An exact copy of the lines of the listing below between the "Изображение Житель Читы" line and the "2306 Glenarm Pl #102 — Photo 7" line, both included, is the whole answer; please omit the pictures.

-------- INPUT DATA --------

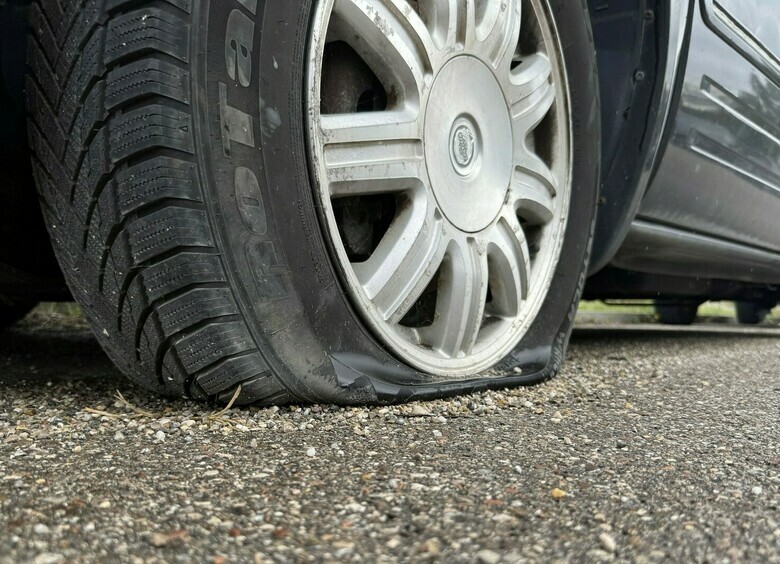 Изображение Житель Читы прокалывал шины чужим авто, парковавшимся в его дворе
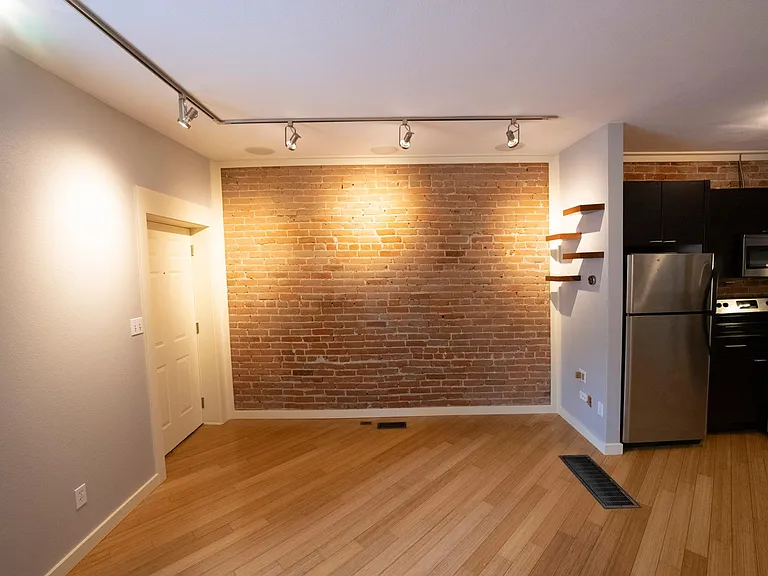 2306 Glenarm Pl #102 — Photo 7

--------
-------- INPUT DATA --------

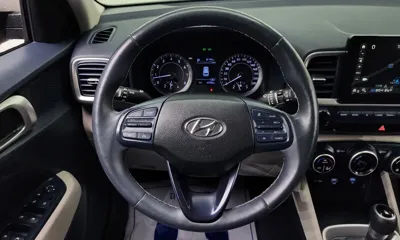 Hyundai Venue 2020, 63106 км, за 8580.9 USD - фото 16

--------

#### SOLUTION
 Изображение Житель Читы прокалывал шины чужим авто, парковавшимся в его дворе
 2306 Glenarm Pl #102 — Photo 7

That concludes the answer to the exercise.